#### EXERCISE
Copy the entries below exactly. Images do not belong in the copy.

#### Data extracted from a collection
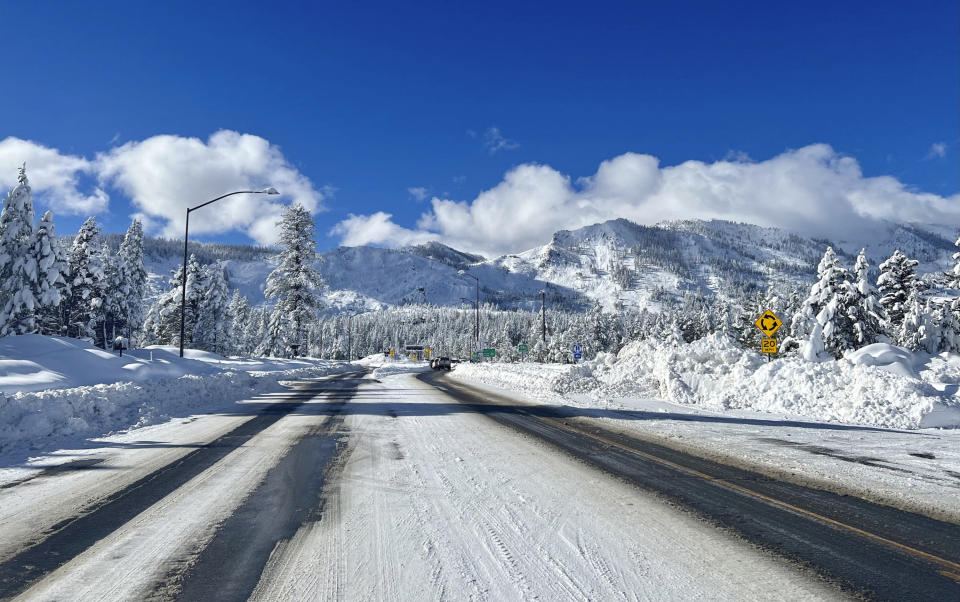 This Sunday, Jan. 1, 2023, photo released by Caltrans District 3, shows Sierra highway back open but chain controls remain in effect as crews clean up in South Lake Tahoe, Calif. California was drying out and digging out on New Year's Day after a powerful storm brought drenching rain or heavy snowfall to much of the state, snarling traffic and closing highways. (Caltrans District 3 via AP)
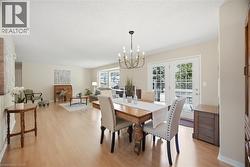 Open-concept living and dining areas featuring light wood-finish flooring, neutral wall tones, a bay window, and double French doors providing direct outdoor access - 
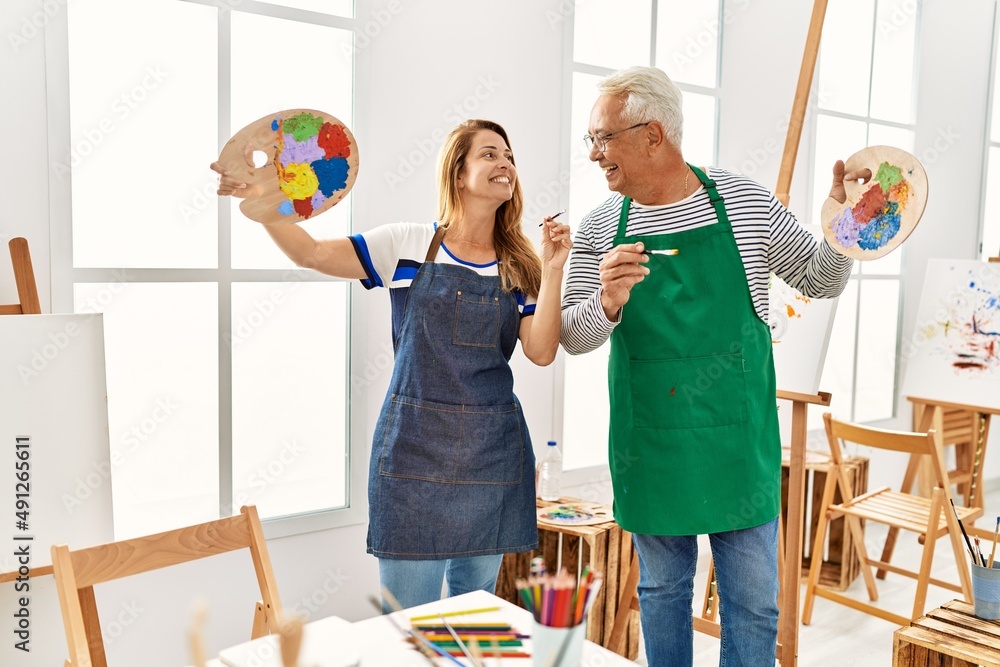 两位中年艺术家在艺术工作室拿着画笔和调色板开心地微笑着。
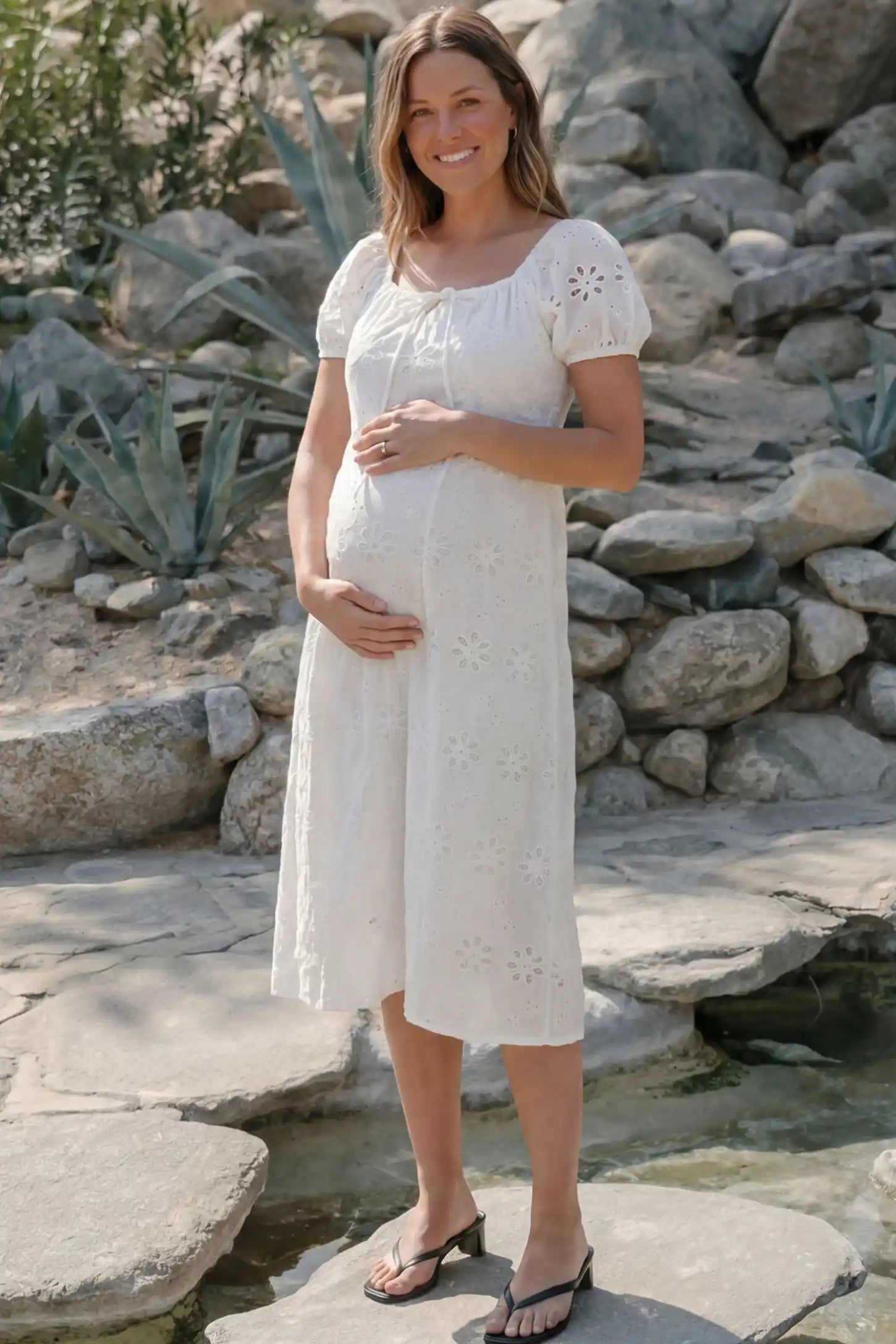 Eyelet Embroidered Short Sleeve Maternity Midi Dress Eyelet Embroidered Short Sleeve Maternity Midi Dress in white featuring a square neckline and drawstring waist on a pregnant model by a stone garden, front view.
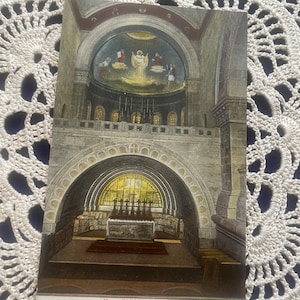 Puede incluir: Una postal vintage que representa el interior de la Basílica del Monte Tabor, en Israel. La imagen muestra un arco de piedra con una ventana de vidrieras y un altar cubierto con una alfombra roja. El techo presenta un fresco de Jesús ascendiendo al cielo.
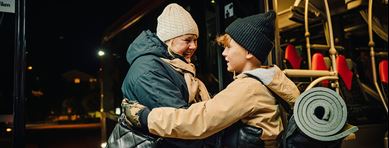 Två personer i mörker möts framför en buss.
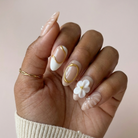 Hand with decorative nail art featuring flowers on a plain background
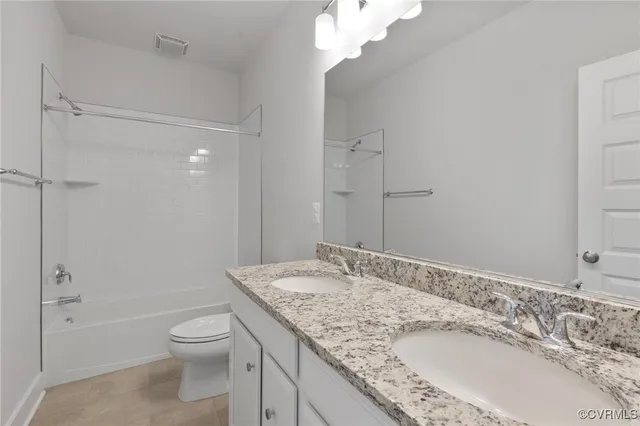 a bathroom with a granite countertop sink a toilet and shower
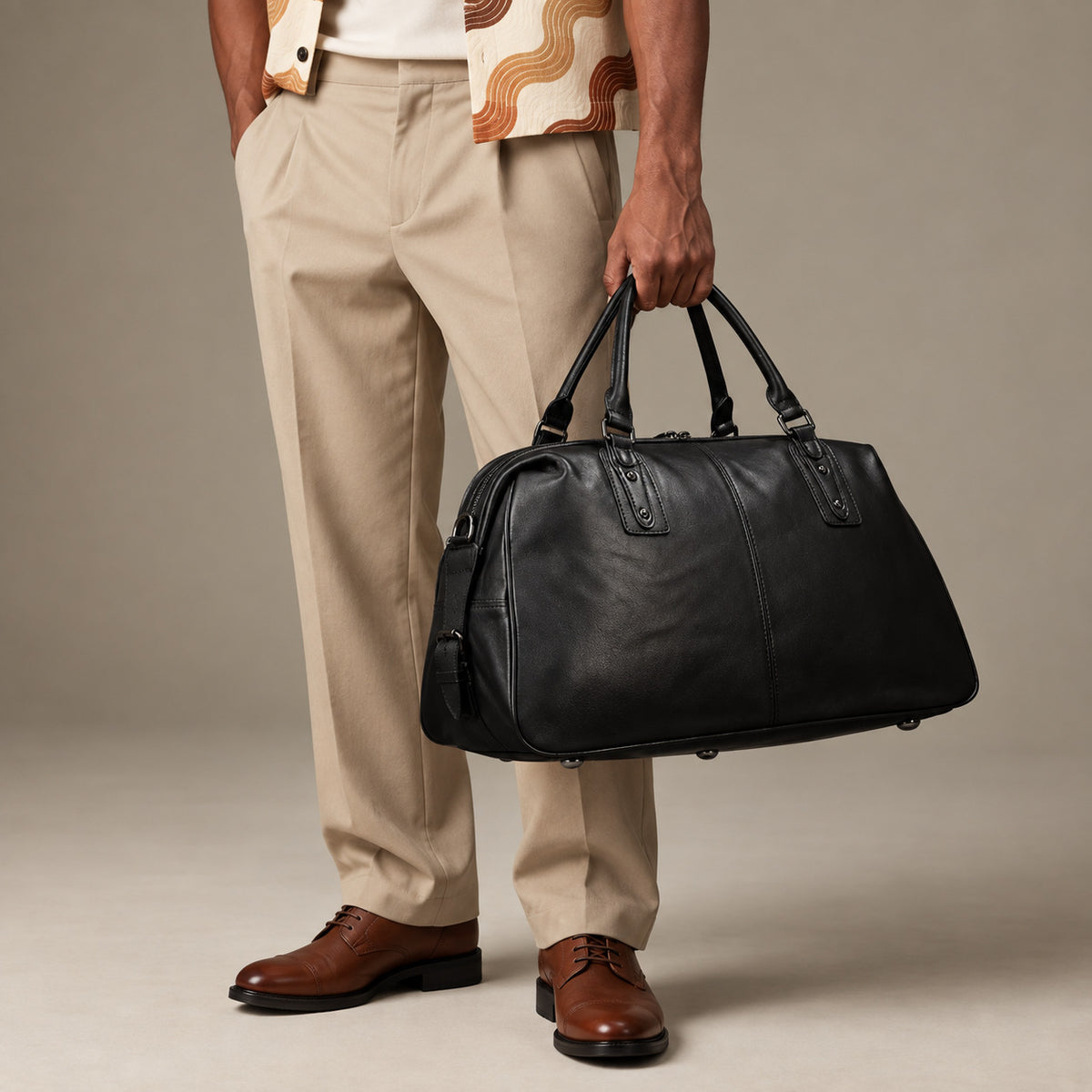 Luxury black leather weekender bag for men with structured base, dual carry handles and large travel compartment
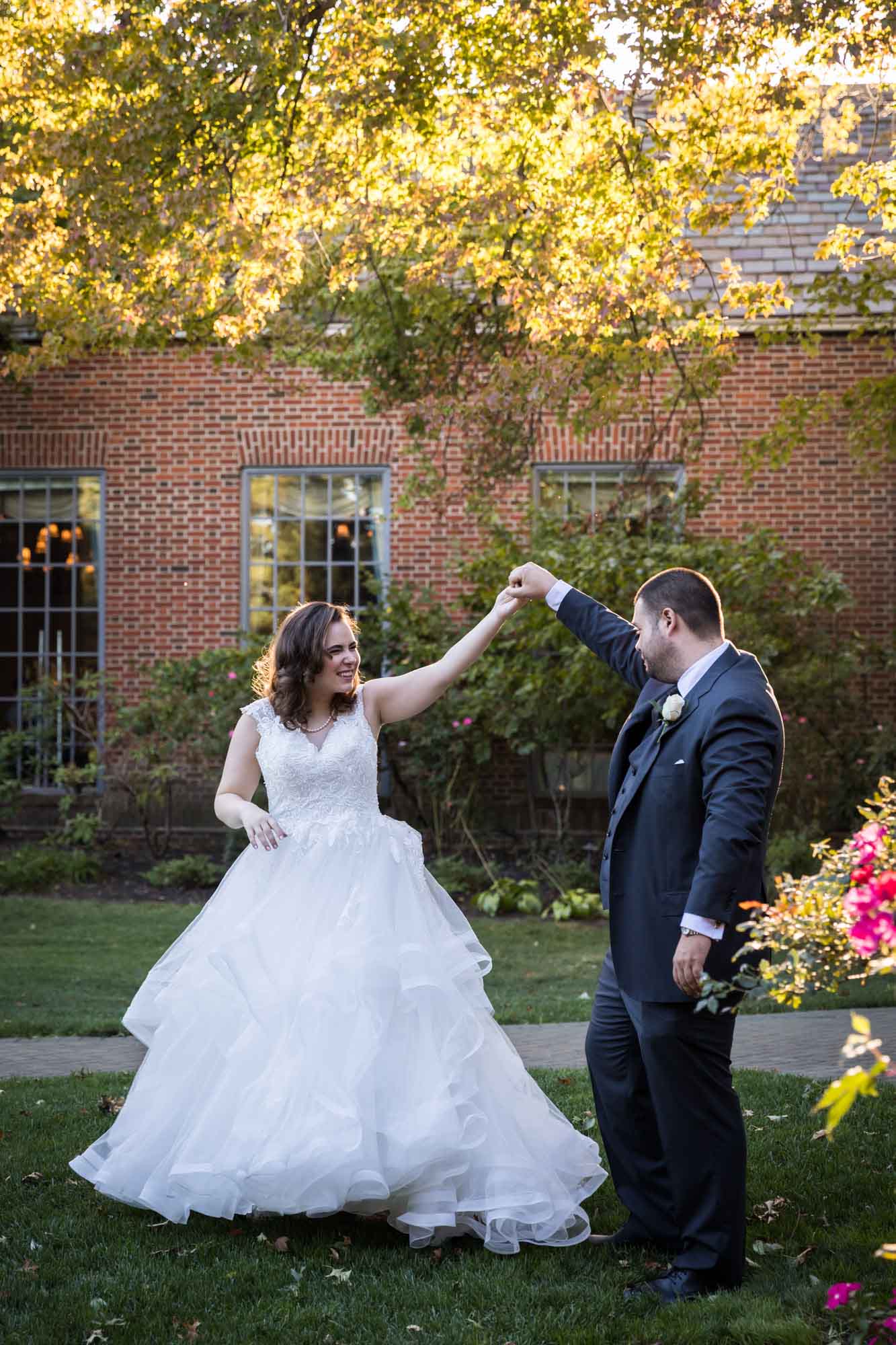 Groom holding bride's hand dancing in garden for an article on outdoor wedding tips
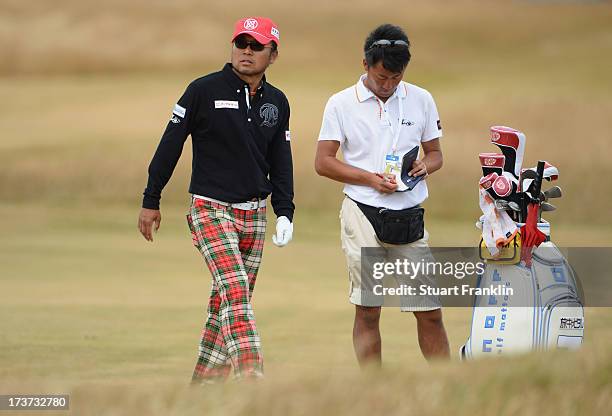 Shingo Katayama of Japan looks on with his caddie ahead of the 142nd Open Championship at Muirfield on July 17, 2013 in Gullane, Scotland.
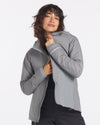 Model Wearing Apu Storm / Grey Women's Natural Lightweight Puffer Jacket with PAKAFILL® Alpaca Fiber Insulation – PAKA Apparel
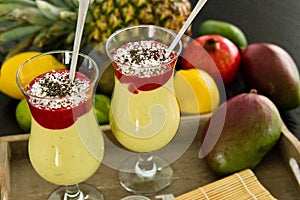 Banana and mango smoothie dessert in wine glasses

#### TASK RESULT
 This Sunday, Jan. 1, 2023, photo released by Caltrans District 3, shows Sierra highway back open but chain controls remain in effect as crews clean up in South Lake Tahoe, Calif. California was drying out and digging out on New Year's Day after a powerful storm brought drenching rain or heavy snowfall to much of the state, snarling traffic and closing highways. (Caltrans District 3 via AP)
 Open-concept living and dining areas featuring light wood-finish flooring, neutral wall tones, a bay window, and double French doors providing direct outdoor access - 
 两位中年艺术家在艺术工作室拿着画笔和调色板开心地微笑着。
 Eyelet Embroidered Short Sleeve Maternity Midi Dress Eyelet Embroidered Short Sleeve Maternity Midi Dress in white featuring a square neckline and drawstring waist on a pregnant model by a stone garden, front view.
 Puede incluir: Una postal vintage que representa el interior de la Basílica del Monte Tabor, en Israel. La imagen muestra un arco de piedra con una ventana de vidrieras y un altar cubierto con una alfombra roja. El techo presenta un fresco de Jesús ascendiendo al cielo.
 Två personer i mörker möts framför en buss.
 Hand with decorative nail art featuring flowers on a plain background
 a bathroom with a granite countertop sink a toilet and shower
 Luxury black leather weekender bag for men with structured base, dual carry handles and large travel compartment
 Groom holding bride's hand dancing in garden for an article on outdoor wedding tips
 Shingo Katayama of Japan looks on with his caddie ahead of the 142nd Open Championship at Muirfield on July 17, 2013 in Gullane, Scotland.
 Model Wearing Apu Storm / Grey Women's Natural Lightweight Puffer Jacket with PAKAFILL® Alpaca Fiber Insulation – PAKA Apparel
 Banana and mango smoothie dessert in wine glasses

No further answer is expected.